So many books, so little time.

I don't have much to tell you right now. The holidays are a tough time to be reporting local news. The last few weeks have been pretty quiet. After school let out, there weren't even any choral concerts or gingerbread houses to write about, so I've been beating the streets pretty hard looking for subject matter.

I do want to tell you about the books I've been reading. First, 'Tis by Frank McCourt. Outstanding book. A lesson in writing in first person without becoming self-indulgent. McCourt has lived through interesting times and is a fascinating man. His Irish origins give him an exotic and original take on America, but his fears and insecurities are part of the universal human experience. Kim Murphy, my new sister-in-law, who is terminally cute, turned me onto McCourt when she bought his latest, Teacher Man. (Kim found her way into my good graces at Thanksgiving, when I found out she had decided to read Transit Gloria before Teacher Man. She read TG in one day, then spent the entire holiday weekend talking about the story with me.) McCourt won the Pulitzer for his first book, Angela's Ashes. (My other sister-in-law's name is Angela, and is a beauty in her own right. I wonder if there is some serendipity at work between me and McCourt... how much does the Pulitzer pay?)

Second, I finally finished Terry Goodkind's Blood of the Fold. I have been hard on Goodkind in the past because the quality of his writing has not kept pace with his storytelling. A great story deserves better than to be slowed down by an extra three sentences in every descriptive paragraph. "You are so nice. I am fond of you. I like you. I think you are swell." You get the picture. I think he may have figured it out. The final 200 pages of Blood clipped along as well as anything by Robert Jordan or Frank Herbert.

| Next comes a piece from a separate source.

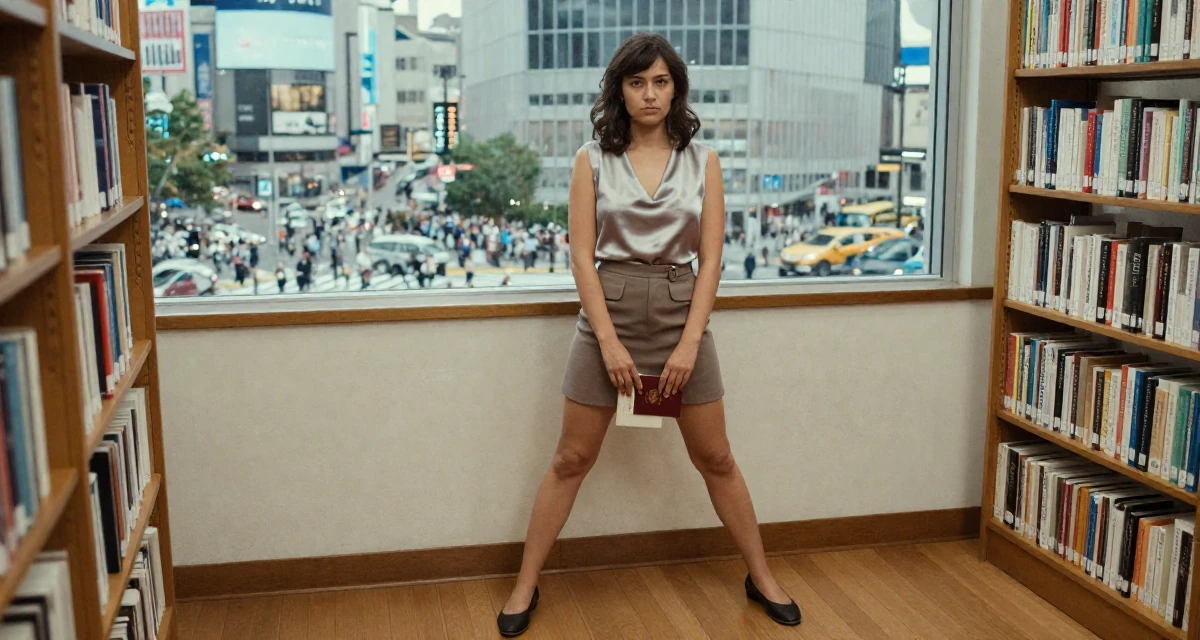 A indifferent Female From Angola, majored in logistics operations in their 25, learning responsibility through small failures, wearing a sleeveless silk top and a high-waisted skirt, holding a passport in a quiet library corner.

I just started Blue Latitudes; Going where Capt. Cook has gone before by Tony Horowitz. It promises to be as engaging as his masterpiece, Confederates in the Attic; Dispatches from the unfinished Civil War. Think you want to be a journalist, or write creative non-fiction? Read Confederates in the Attic.

I also just received the first of a series of books I've promised to review: Kosher for the Clueless but Curious, by Shimon Apisdorf. I admit to agreeing to review this little book mainly because I am one of the Clueless. Reading Kinky Friedman is as close as I came to knowing anything about Jewish customs when I was in Texas, and I'm genuinely curious. Two pages in, and I've already learned something. I'd tell you what I learned, but I'm not sure that would be kosher.

I received Anne Rice's Christ the Lord - Out of Egypt for Christmas, and put it under the copy of Hush by my blog-buddy Anne Frasier, which I gave myself for Christmas, and which will be promoted to nightstand reader after I put the paper to bed on Friday. I also have a copy of James Ritchie's Over on the Lonesome Side I've been meaning to read. Anyone who frequents Absolute Write will recognize Ritchie as one of most prolific posters from the AW Forums. I disagree with James about almost everything, and I don't normally read westerns, but he puts in so much time trying to help other writers that I felt like I owed him one, even if this one is an out-of-print hardcover that I bought used. If I could just have an extra four hours a day, I could read at least two more books a week (not two more of Goodkind's 800 pagers, but J.A. Konrath has sure been nice to me, and his books can't be more than 100,000 words each). So many books, so little time.